Open MPI logo

Open MPI User's Mailing List Archives

  |   Home   |   Support   |   FAQ   |   all Open MPI User's mailing list

Subject: Re: [OMPI users] How to force eager behavior during Isend?
From: Barry Rountree (rountree_at_[hidden])
Date: 2008-12-08 17:48:11

On Monday 08 December 2008 02:44:42 pm George Bosilca wrote:
> Barry,
> If you set the eager size large enough, the isend will not return
> until the data is pushed into the network layer.

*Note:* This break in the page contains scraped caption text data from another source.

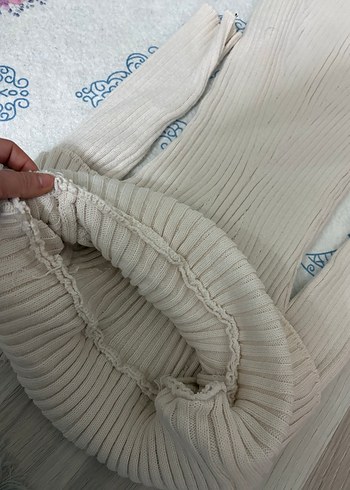 Beyaz Straplez Triko Bohem Elbise - Görsel 3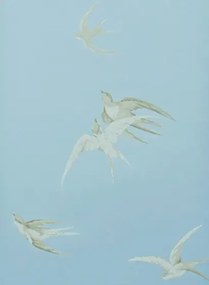 Tapete Swallows von Sanderson - Bleu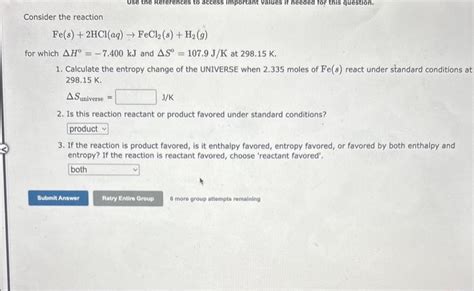 Solved Consider the reaction Fe(s)+2HCl(aq)→FeCl2(s)+H2(g) | Chegg.com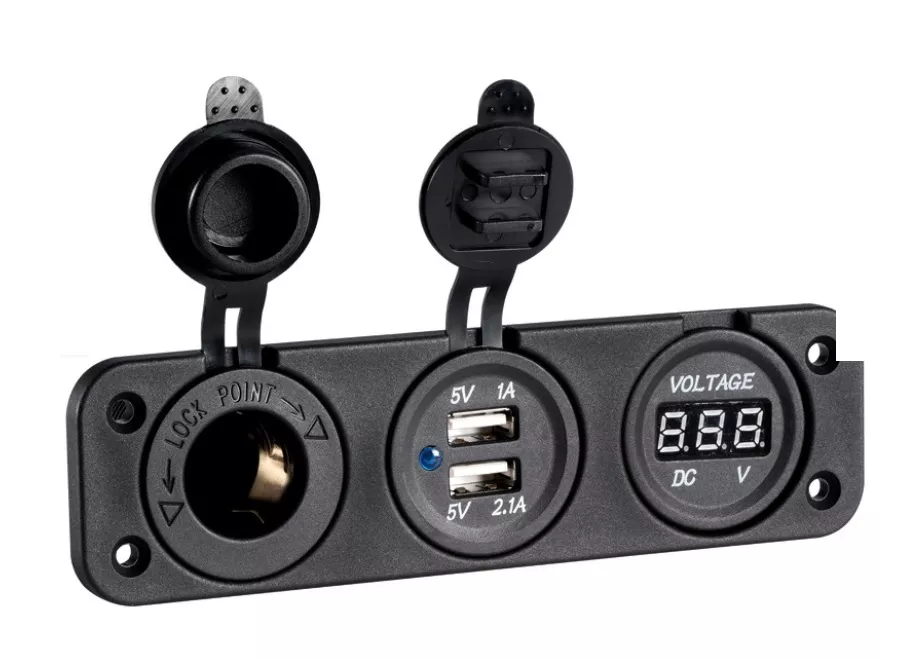 Osculati 14.517.43 - Digital Voltmeter Dual USB Port and Outlet 4.8A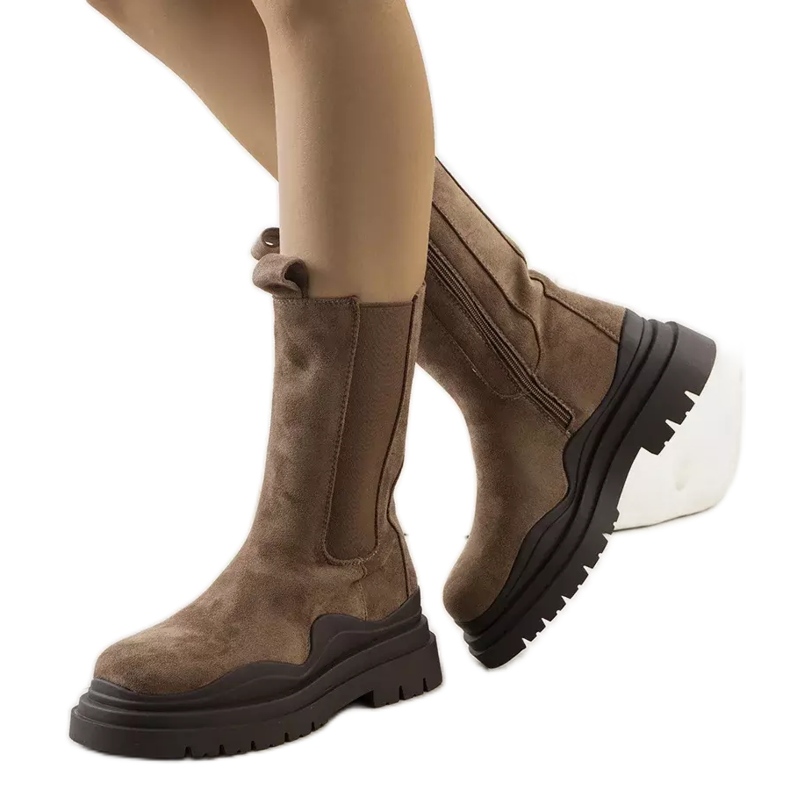 PA1 Cizme cu platformă Maro Algade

That's exactly what I want it to do -- good. I've set the eagerness to 2MB,
but for messages 64k and up, Isend returns immediately and a significant
amount of time is spent in Wait. For messages less than 64k, the reverse is
true: a significant amount of time spent in Isend, and the Wait returns

> However, this doesn't
> guarantee that the data is delivered to the peer, but only that it was
> queued in the network (in the TCP case it is copied somewhere in the
> kernel buffers).


> The kernel will deliver that data doing a best
> effort, but there is no guarantee on that. As the kernel buffer has a
> limited size (no more than 128k) the expected graphical behavior for
> the isend operation over TCP should look like stairs, slightly going
> up because of the memcpy, and a large jump for every syscall required
> to do the operation.

That's fine.

> Now for the irecv the story is a lot more complex. The irecv only
> realize the matching, and if the data is not yet completely available
> (let's say only a small fragment was received at the moment of the
> irecv), the irecv will return (there is no eager notion there). The
> remaining of the data will became available only after the
> corresponding MPI_Wait.

What I'm trying to avoid -- and it may be a bad idea -- is having to decide
how much time in a given Wait is spent blocking or working. This becomes
simpler if I know that, for example, no work was done in the Isend or Irecv
call. If all the work was done in those calls, that's fine too (although
turning an Irecv into a blocking receive would probably break UMT2K and a few
other things). But if some of the time, some of the work is done in the
Isend/Irecv, I've got a more complex model. I'll have to deal with this
eventually, but I'd rather put it off if I could.

I was thinking that by manipulating the eagerness level (and increasing the
buffer sizes), I force this behavior. (I just tried setting the TCP and SELF
eagerness levels to 0, then 1. Still no change in behavior.)

PERUSE looks like it might be useful, and I'll continue looking into it.